By Amanda C. Leiter
The United States is in the midst of a natural gas boom, made possible by advances in drilling and extraction technologies. There is considerable disagreement about the relative benefits and costs of the boom, but one thing is certain: it has caught governments flat-footed. The federal government has done little more than commission a study of some associated public health and environmental risks and propose regulations for drilling on federal land. States have moved faster to address natural gas risks, but with little consistency or transparency.

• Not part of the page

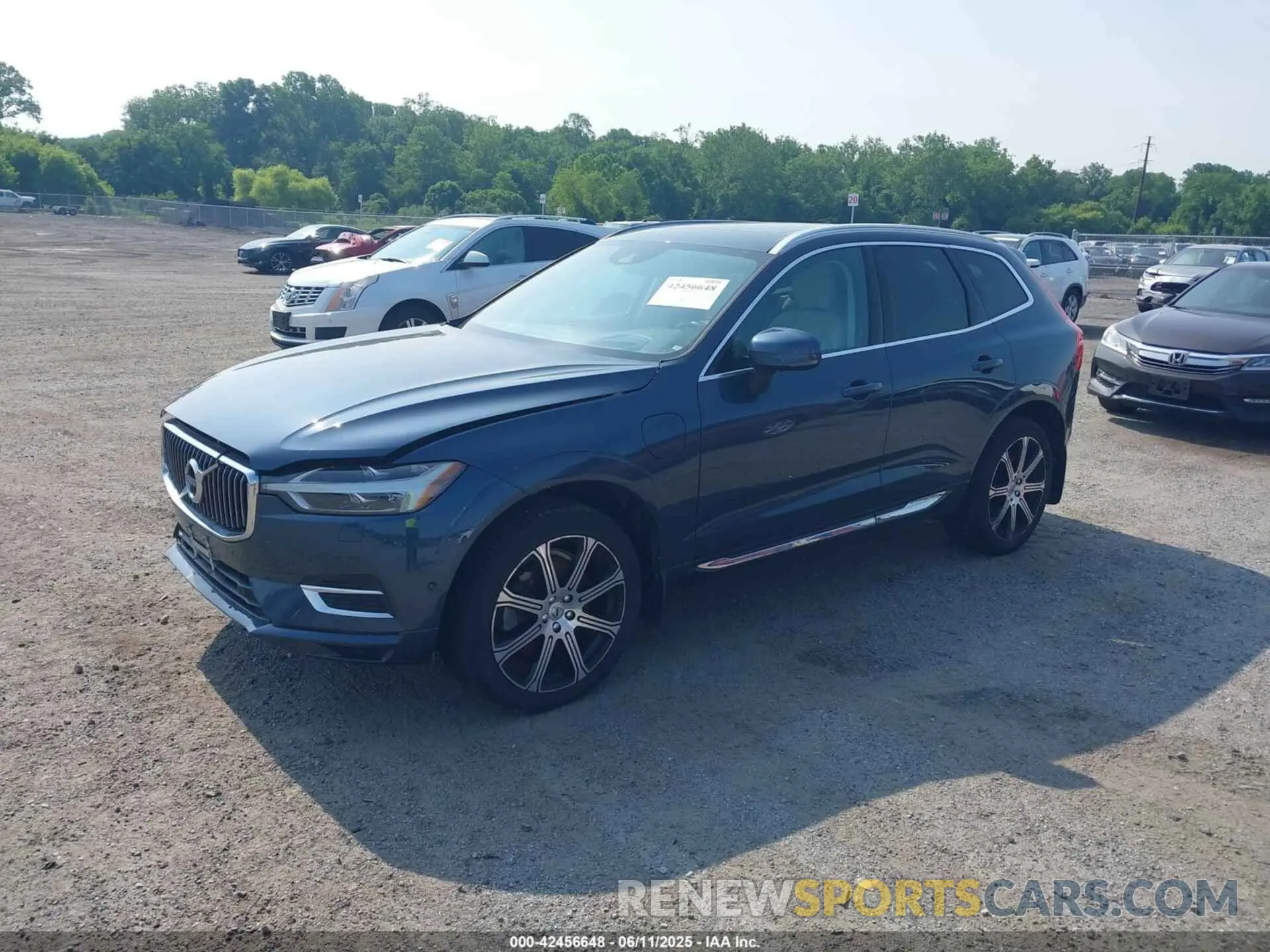 2 Фотография поврежденного автомобиля YV4BR0DL4L1512178 VOLVO XC60 HYBRID 2020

Numerous private organizations are stepping into the resulting governance gaps with information-gathering and standards-setting efforts. As this Article documents, these private organizations are performing the functions once assigned to states in so-called “laboratory federalism”: developing innovative governance approaches and— perhaps more importantly—catalyzing the horizontal and vertical diffusion of successful governance strategies. In some cases, the likely outcome is a public governance regime with private origins; in others, private entities are likely to continue to play a role even as public entities enter the frame, creating a hybrid regime. Both outcomes highlight the need for process reforms to increase private entities’ openness, balance, and accountability. Familiar administrative procedures followed by public agencies offer one model for such reforms, but at least in the natural gas context, those procedures may be less effective for private entities than for the public agencies for which they were designed.
Cite as: Amanda C. Leiter, Fracking, Federalism, and Private Governance, 39 Harv. Envtl. L. Rev. 107 (2015).